第20話:悪魔との遭遇
「ちょっと純くん!!」
後ろから自分を呼ぶ声が廊下中に響き渡る。振り返ると、才華先生が教室から出てきていたところだった。怒りと驚きが混じったような、複雑な表情を浮かべている。
ごめん、才華先生。でも、あなたのためなんです。心の中で純はそう言い、彼女に背中を向けると、思いきり走りだした。
背後からドタドタと走る音が聞こえてきた。追いかけてきているのだろう。
「純くん!!」
3階から1階へ、階段を駆け足で降りていく。
1階に着いた彼は後ろを振り返った。足音がもう止んでいたことから、追ってくるのを中断したか。
下駄箱で運動靴に履き替えた純は、そのまま玄関扉に体重をかけて押し開け、外に出た。
だだっ広い校庭を1人、駆けていく。
「ジュ―――――ン!!!」
自分を呼ぶ、聞き慣れた声。純は足を止め、声のしたほうへ顔を向けた。
「スイ…」
3階の教室の窓から、大勢の生徒が顔を出していた。その中でも目立って身を乗り出しているのが、明だった。
「どこ行くのおぉー!?帰るのぉー!?」
「…じゃあな。また何日か前に会おう」
純は独り言のように呟き、教室の方から顔を背けた。そしてまた走り出す。
正門に着いた。登下校の時間以外は錠前で施錠されているので、簡単に通してくれない。
純は門扉の突起に足をかけ、上に跳んだ。手を伸ばし、扉の淵に手をかける。
「クッ…」
なかなかきつい。高校生であるはずの自分の腕力と、この小学生の力の乖離にまだ慣れずにいた。今でもたまに自分が小学生ということを忘れる。
なんとか右足を向こう側にやり、扉をよじ登ったが、左足を回して降りようとしたところで、ハプニングが起こった。
左足を持ってくる時に勢いが強すぎて体制を崩してしまったのだ。純は仰向けの状態で地面に落下した。
「ってえぇぇ!」
かろうじてランドセルがクッションとなったが、それでも大人の背丈ほどある門から落ちる衝撃はかなりのものだった。
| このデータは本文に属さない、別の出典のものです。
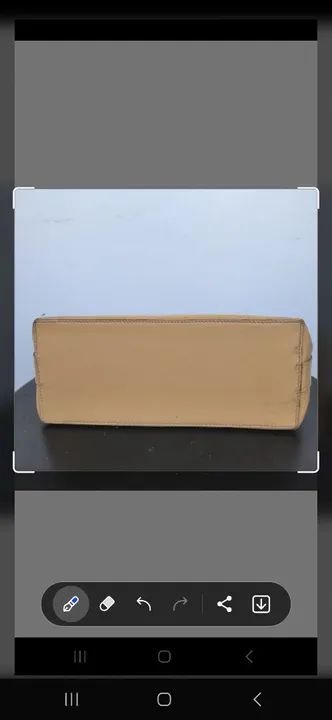 Bolsa Victor Hugo Bege - Foto 5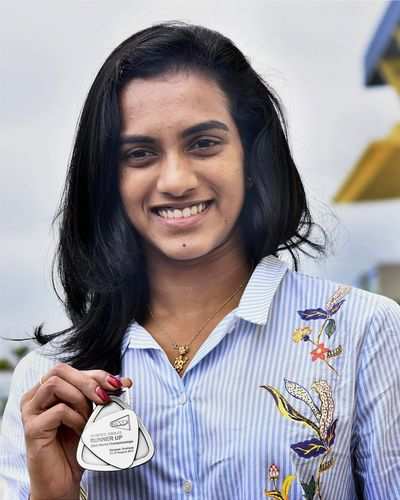Sports Ministry recommends Olympic silver medallist PV Sindhu for Padma Bhushan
形としては最悪だったが、学校の外に出ることに成功した。純は仰向けのまま、息をついた。
「大丈夫かい?」
どこかから声がかかる。若い男の声。
やがて声の主は、純の視界にヌゥッと現れた。日差しの逆光で顔はぼんやりとしか見えないが、倒れているこちらに手を差し伸べているようだった。
「あ…りがとうございます」
その手を取り、純は起き上がった。太陽の光が眩しいが、純はその人物を見た。
黒い髪は長さに余裕があるためか、後ろに持っていっている。ここからだと相手の身長が高いので、後頭部までは見えない。
ぱっちりとした目をしているが、その瞳にはどこか生気がない。
黒と黄色のボーダーのTシャツに、黒のパーカーと同じく黒のスキニーパンツ。
蜂須賀だ!
純は全身が硬直するのを感じた。追い求めていた人物が目の前にいるのだが、彼の心を支配したのは恐怖であった。
笑顔を浮かべているのに、目元にあるくまと無機質な黒目のせいで返って不気味に見える。
口元が震え、言葉を発することができない。固まっている純を見て、蜂須賀であろう男は怪訝そうな顔をした。
「大丈夫?頭とかぁ、打っちゃったかな」
柔らかな声とともに、純の顔を覗き込む。唇も血色が悪く、ますます生気を感じられない。
「いえ…」
口の中がすっかりと乾いてしまい、思うように言葉を発せられなかったが、なんとか返事をした。やけに力んでいる様子を見て、男は口をへの字に曲げた。
「打ちどころが悪いと大変だからね…。1度病院に行ってみた方がいいかもしれないね」
彼の顔を真っ直ぐに見ることができず、純は顔を背けたまま小さく頷いた。
会いたかった人物に会えたのに、どうしてこんなにも怖いのだろうか。
「わ…分かりました」
一旦、帰ろう。ぎこちない動きで踵を返すと、ロボットのように歩き出した。心臓の鼓動が彼に聞こえてしまうのではないかと思うほど激しく跳ねている。
「ねぇ、君」
背中に声がかかった。先ほどよりも声のトーンが低く、抑揚がない。純は足を止め、素早く振り返った。自分でも顔がこわばっているのを感じる。彼に対し隠そうとしても、顔中にテープを貼られて固定されたみたいに動かない。
蜂須賀と思わしき男は、携帯電話を操作しながら近づいてきていた。
「この子、知ってる?」
純の前まで来ると、携帯電話の端を持ち、液晶を彼に向けた。
画面を見て、純は固まった。
こちらを向いて笑顔でピースサインを送っている少女。
そこに映っていたのは…葵だった。